- Exercise details
Starting at the line that holds "Detenida una persona", reproduce each line exactly up to and including the last line of the records below. Pictures stay out.
%%
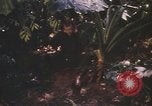 Image of United States pilot Vietnam, 1967, second 5 stock footage video 65675075565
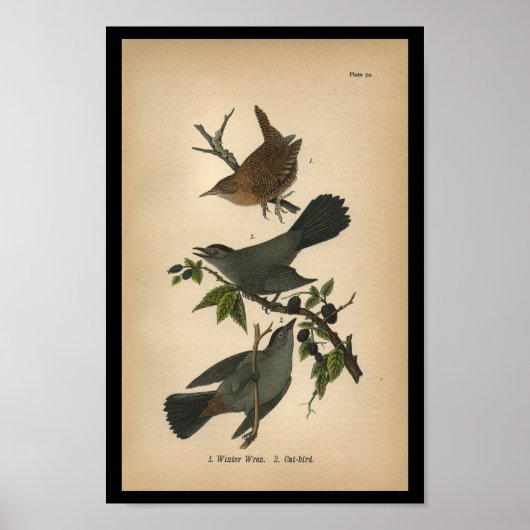 1890 Bird Print Winter Wren (Voorkant)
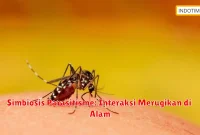 Simbiosis Parasitisme: Interaksi Merugikan di Alam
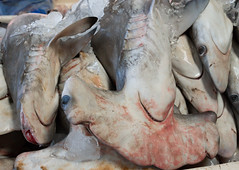 Sharks at Dubai Fish Market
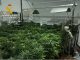 Detenida una persona y desmantelado un punto de cultivo indoor de cannabis sativa en Molinicos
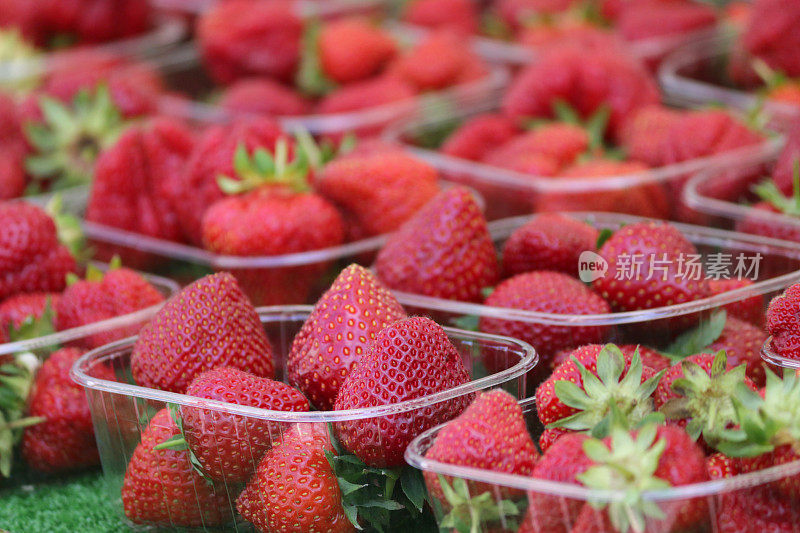 新鲜采摘的萨默塞特英国草莓/新鲜成熟的英国草莓夏季水果浆果，有机红草莓水果在市场摊位出售，人工草在篮容器，用于草莓和奶油，果酱或传统下午茶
%%
- Result below
 Detenida una persona y desmantelado un punto de cultivo indoor de cannabis sativa en Molinicos
 新鲜采摘的萨默塞特英国草莓/新鲜成熟的英国草莓夏季水果浆果，有机红草莓水果在市场摊位出售，人工草在篮容器，用于草莓和奶油，果酱或传统下午茶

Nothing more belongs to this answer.